At issue: a memo from The Assistant Secretary of Defense Office (Personnel and Readiness). That office had crunched some numbers and recommended closing the Hario Housing Village Commissary, the Defense Commissary Agency Pacific regional office told U.S. Naval Forces Japan in another memo.
The reason: The Hario Village commissary is a 30-minute drive from the smaller commissary on main base — and with most of Sasebo’s ships at sea for much of the past two years, business hasn’t exactly been setting records. DECA cannot continue supporting “marginal” stores close to other commissaries, the memo said.
But the Hario facility, at 24,000 square feet — almost three times the size of the 8,375-square-foot main base store — has the base’s only full-sized commissary, carrying most items Americans typically expect to find in a supermarket, shoppers quickly pointed out.
Hario also has about three times the housing units, a base spokeswoman said: 488 to main base’s 148.
For those and other reasons, James indicated on his television show Monday evening, raising the panic flag may be premature. Although the commissary “is being considered for closure at a future date,” he confirmed, “this is not something to lose a lot of sleep over. The recommendation is based on faulty data.”
The Sasebo command and CNFJ are cooperating to compile arguments justifying the Hario Village commissary’s continued operation, he said.
“I just don’t think we’ll get to that point” of closing it, he said. “A lot of people, at a lot of levels, will weigh in. I think it’ll be determined it’s a really bad idea.”
Also, a base spokeswoman said, the Hario Commissary provides meats, produces bakery items and has cold and dry storage for both commissaries — and there is no budget, plans or room for expanding the main base store.
Still — and despite James’ reassurances — Hario Housing Village resident Tanaya Johnson, wife of Petty Officer 2nd Class David Johnson, USS Essex, said she was “shocked” by the news.
James “said not to lose sleep over this but that’s pretty hard to do,” said Johnson, mother of a 7-month-old son. “The Hario Commissary is so convenient and I know a lot of families out here have only one car or no car at all. Yes, I’m still very concerned about it.”
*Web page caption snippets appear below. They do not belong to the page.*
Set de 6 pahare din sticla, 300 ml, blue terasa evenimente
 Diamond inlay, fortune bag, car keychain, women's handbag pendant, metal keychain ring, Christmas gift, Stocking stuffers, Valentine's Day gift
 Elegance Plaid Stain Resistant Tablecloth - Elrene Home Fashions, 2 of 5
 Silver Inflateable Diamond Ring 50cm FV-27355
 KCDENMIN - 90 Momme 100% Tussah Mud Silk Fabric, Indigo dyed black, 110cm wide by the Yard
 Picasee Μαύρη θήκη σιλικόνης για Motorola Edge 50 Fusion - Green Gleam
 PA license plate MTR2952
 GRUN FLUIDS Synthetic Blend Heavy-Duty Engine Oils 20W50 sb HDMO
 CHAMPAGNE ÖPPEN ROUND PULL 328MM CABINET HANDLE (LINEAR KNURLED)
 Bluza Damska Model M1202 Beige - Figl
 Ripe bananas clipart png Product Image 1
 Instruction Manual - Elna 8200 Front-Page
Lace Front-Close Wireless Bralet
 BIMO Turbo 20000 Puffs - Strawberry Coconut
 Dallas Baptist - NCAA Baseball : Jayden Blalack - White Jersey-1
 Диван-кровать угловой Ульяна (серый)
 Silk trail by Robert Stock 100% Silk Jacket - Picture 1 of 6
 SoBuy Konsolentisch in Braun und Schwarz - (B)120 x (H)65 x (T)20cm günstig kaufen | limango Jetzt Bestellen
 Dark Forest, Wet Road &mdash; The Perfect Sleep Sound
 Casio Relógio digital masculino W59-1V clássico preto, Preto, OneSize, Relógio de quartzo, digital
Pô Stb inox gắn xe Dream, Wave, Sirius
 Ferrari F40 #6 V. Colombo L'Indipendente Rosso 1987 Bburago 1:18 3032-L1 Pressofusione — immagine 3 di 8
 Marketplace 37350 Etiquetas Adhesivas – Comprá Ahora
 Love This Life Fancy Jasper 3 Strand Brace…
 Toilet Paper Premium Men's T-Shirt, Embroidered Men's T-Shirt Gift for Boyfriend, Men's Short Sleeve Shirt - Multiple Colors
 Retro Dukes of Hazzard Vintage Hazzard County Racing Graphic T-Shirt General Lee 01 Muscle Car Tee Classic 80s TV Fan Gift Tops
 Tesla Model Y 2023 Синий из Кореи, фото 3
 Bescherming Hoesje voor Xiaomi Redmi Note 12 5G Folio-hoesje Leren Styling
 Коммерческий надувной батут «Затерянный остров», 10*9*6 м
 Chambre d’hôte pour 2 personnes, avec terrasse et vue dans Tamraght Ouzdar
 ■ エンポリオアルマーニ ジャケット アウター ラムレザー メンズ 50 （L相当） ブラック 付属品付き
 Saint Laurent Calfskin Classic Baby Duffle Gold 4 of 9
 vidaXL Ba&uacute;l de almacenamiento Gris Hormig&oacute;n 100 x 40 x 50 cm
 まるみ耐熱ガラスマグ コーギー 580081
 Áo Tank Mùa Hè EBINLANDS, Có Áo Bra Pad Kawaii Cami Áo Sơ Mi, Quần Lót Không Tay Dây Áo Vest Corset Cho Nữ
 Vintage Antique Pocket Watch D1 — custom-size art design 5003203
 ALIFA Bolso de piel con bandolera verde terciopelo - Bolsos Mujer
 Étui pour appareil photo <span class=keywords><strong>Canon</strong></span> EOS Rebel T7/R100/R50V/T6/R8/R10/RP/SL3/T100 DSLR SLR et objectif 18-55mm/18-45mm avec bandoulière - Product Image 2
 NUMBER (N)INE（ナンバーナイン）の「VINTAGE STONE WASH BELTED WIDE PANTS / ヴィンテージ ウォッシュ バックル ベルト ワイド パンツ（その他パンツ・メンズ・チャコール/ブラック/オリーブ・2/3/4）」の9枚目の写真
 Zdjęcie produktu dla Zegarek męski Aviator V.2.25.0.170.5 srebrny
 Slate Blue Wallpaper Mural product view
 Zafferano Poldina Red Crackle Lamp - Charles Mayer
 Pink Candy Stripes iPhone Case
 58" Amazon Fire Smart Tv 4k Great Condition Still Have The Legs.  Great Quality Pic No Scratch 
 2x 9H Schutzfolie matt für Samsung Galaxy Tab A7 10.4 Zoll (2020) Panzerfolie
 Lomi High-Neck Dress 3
Johnson said she enjoys shopping in Japanese markets but added, “There aren’t enough English signs … sometimes you can look at something and not be positive what it is. They’d have to educate us a lot more.”
USS Harpers Ferry’s Petty Officer 1st Class Reginald Thomas and his wife, Kim, also live in Hario.
Kim Thomas said she’s observed the store getting brisk patronage. “There is good traffic and use of the store, especially around payday. … Sometimes things get a little scarce on the shelves then.”
“Things were not considered,” James said, “things like the ships being underway a large part of the past two years. It’s highly unfair to use those criteria in a decision.”
“Somebody with some sanity will take that into consideration,” he added.